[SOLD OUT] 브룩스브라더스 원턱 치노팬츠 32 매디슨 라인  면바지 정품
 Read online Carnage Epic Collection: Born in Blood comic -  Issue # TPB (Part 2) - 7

--

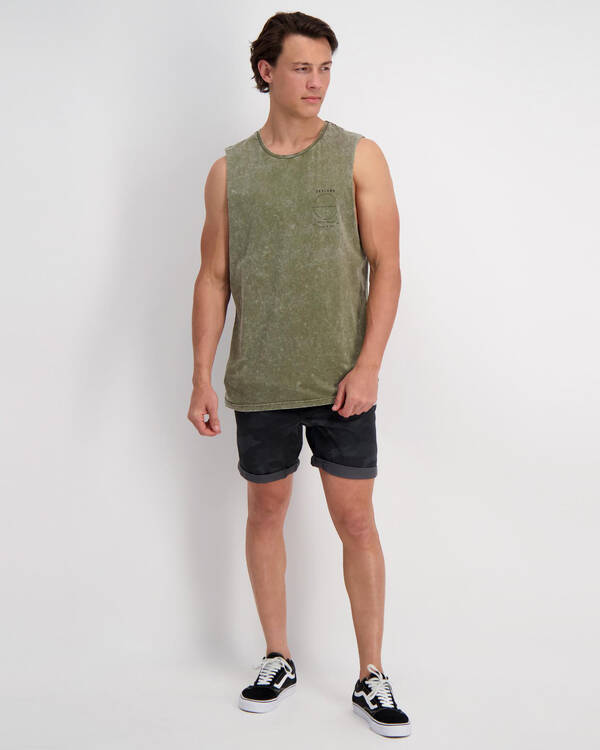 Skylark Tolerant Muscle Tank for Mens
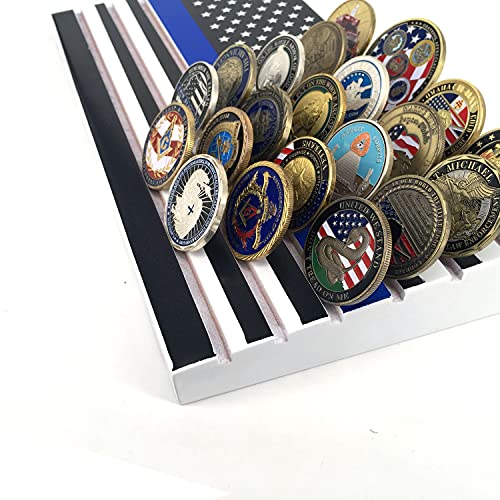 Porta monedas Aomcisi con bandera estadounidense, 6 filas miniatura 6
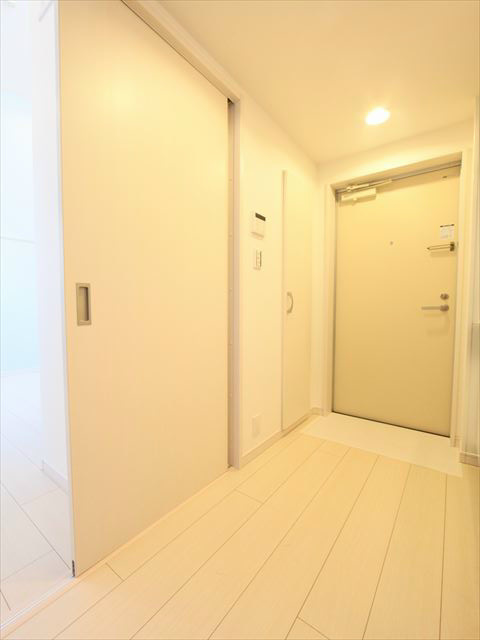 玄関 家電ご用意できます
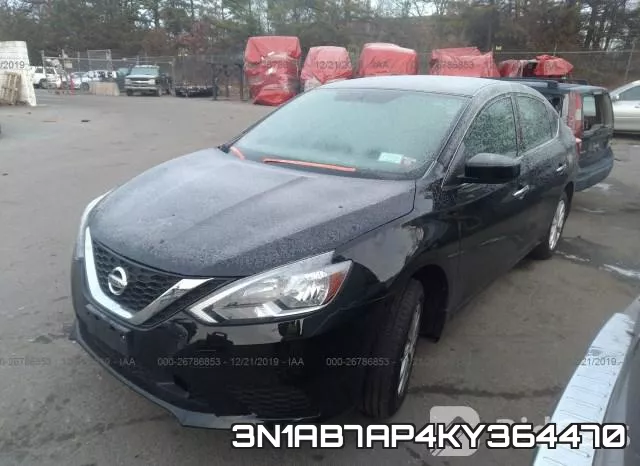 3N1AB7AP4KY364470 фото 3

---

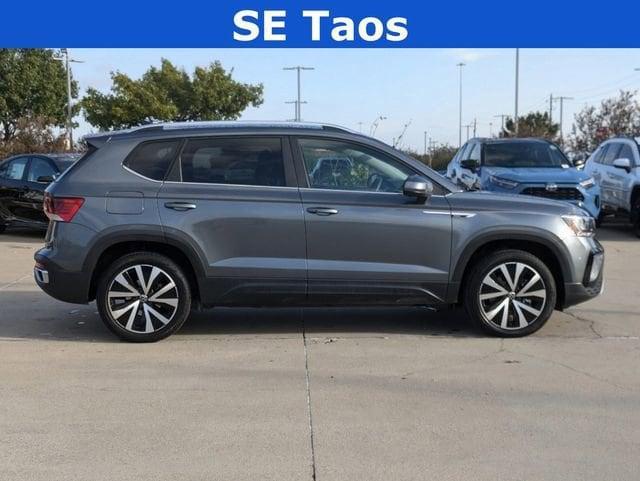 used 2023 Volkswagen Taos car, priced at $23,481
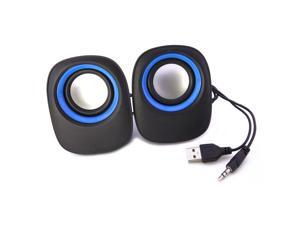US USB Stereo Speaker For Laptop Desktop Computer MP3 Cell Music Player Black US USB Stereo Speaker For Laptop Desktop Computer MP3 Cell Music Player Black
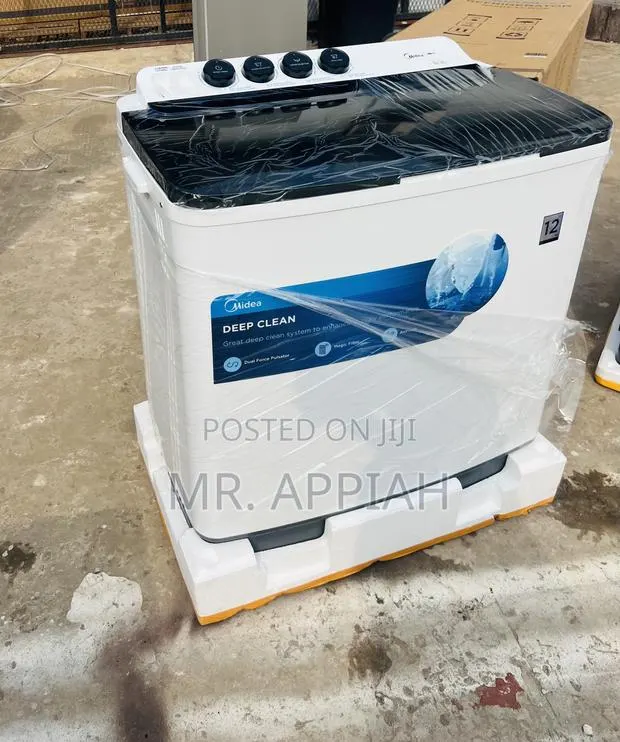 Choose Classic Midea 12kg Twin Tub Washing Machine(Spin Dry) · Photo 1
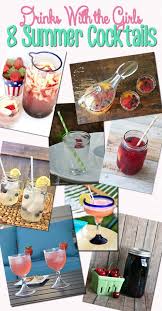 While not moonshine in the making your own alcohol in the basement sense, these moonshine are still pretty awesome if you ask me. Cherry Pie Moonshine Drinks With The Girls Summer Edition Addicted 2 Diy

◆ WHAT THE EXERCISE ASKS
Restate word for word the lines of the data above that begin at the line with "Choose Classic Midea" and end at the line with "While not moonshine", keeping both ends and dropping every picture.

◆ ANSWER FOR THIS EXERCISE
 Choose Classic Midea 12kg Twin Tub Washing Machine(Spin Dry) · Photo 1
 While not moonshine in the making your own alcohol in the basement sense, these moonshine are still pretty awesome if you ask me. Cherry Pie Moonshine Drinks With The Girls Summer Edition Addicted 2 Diy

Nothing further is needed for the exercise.